What you need to do>
Scan the material below for lines with the word "flooring" and report how many there are, with nothing added.

Data for this task>
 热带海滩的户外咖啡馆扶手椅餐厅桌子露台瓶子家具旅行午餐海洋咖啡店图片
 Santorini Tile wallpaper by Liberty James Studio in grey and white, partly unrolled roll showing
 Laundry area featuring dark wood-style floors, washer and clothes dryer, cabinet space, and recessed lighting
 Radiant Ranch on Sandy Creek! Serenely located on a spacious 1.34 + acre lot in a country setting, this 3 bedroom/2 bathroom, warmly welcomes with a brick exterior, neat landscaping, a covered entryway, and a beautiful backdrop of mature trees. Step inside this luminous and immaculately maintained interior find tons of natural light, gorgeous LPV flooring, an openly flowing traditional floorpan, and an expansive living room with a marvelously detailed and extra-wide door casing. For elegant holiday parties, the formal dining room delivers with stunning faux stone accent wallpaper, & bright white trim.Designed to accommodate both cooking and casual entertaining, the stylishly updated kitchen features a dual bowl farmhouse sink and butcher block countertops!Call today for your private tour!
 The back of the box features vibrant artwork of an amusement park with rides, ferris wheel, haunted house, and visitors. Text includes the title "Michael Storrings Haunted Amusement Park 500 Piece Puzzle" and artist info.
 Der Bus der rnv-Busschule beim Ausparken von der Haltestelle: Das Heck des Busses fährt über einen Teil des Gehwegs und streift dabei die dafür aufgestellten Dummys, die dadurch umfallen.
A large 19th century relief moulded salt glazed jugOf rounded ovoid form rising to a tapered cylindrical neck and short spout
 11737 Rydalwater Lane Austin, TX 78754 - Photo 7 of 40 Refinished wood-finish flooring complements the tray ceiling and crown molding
* * *
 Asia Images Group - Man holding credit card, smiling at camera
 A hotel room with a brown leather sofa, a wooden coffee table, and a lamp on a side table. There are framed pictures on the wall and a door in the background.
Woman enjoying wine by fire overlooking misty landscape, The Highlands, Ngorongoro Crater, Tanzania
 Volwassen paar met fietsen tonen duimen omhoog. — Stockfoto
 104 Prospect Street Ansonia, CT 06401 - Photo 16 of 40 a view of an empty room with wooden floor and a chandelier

Exercise answer>
2